When the album opens with “The River, The Woods,” Astronautalis’ gravelly staccato rhymes fire shots into the listener’s eardrums.  The backdrop to his lyrical artistry is more than just drum-and-bass beats with a full band playing guitar, drums, piano and keyboards.  The album keeps pace while Bothwell tells the stories of his personal experiences and shifts between crooning and rapping.  Just when you start to key in on the sound, you are thrown a changeup with a piano accompanied back-alley bar ballad “Measure The Globe.”

To keep the baseball analogy going, Bothwell treats this release like a veteran pitcher, relying on guile and a multitude of different looks he can give to keep listeners guessing what the next song holds in store for them.  There are the stalwarts of references to dead scientists, vagabond tales from the road, falling victim to lust, and guest vocalists to add depth to each track.  Most noteworthy of these are Sims’ down-tempo rhymes on the soldier’s death march, “Thomas Jefferson” and indie rock darling Tegan Quinn on the undeniably pop track, “Contrails.”  Finally, just to really confuse everyone, he dons the mantle of the bible-thumping evangelist in “Holy Water” complete with heavy sighs and ghost-like wails in the background.

The real struggle I have with this album is how to illustrate its richness.  When reaching the penultimate track, “Secrets On Our Lips,” a perfect classic rock ballad, Astronautalis shows a grandness of scope that is impossible to translate to words.  Just when he takes your breath away with the song, he gives the listener a chance to regroup with the final tale of the road, “The Curse,” which perfectly captures the witching hour of an after party when “everyone who’s drinking is already drunk or sleeping/everyone who isn’t is just too political to talk to” and reminds me of every party where I happened to still be awake at 3 am.  That is the power of storytelling.

To describe This Is Our Science is like trying to show someone who has never been to the Grand Canyon a photograph of it and saying: “Yeah?
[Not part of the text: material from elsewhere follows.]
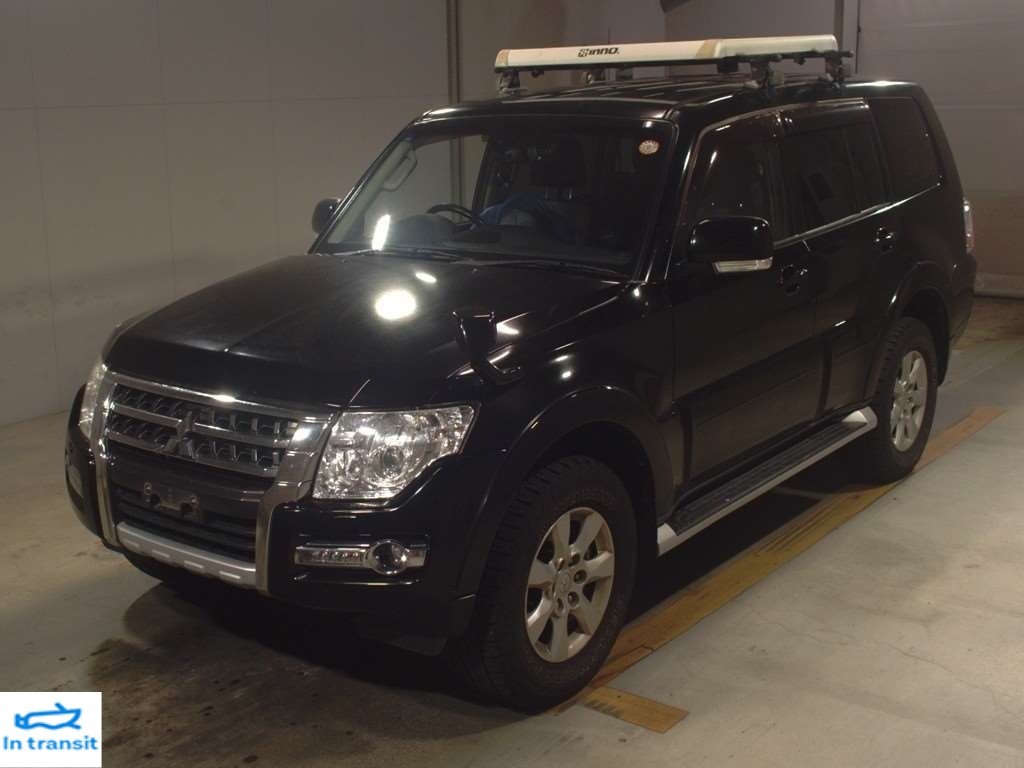 2017 Mitsubishi Pajero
Pretty big, huh?”  I could scour a thesaurus and take several years of writing classes and it would be impossible to do it justice.  So I turn the responsibility over to you to go out and listen for yourself and decide if I am crazy to want to add two new albums to my desert island library.

Or if bloggers need to file a restraining order to keep me 50 feet away from all Starbucks locations.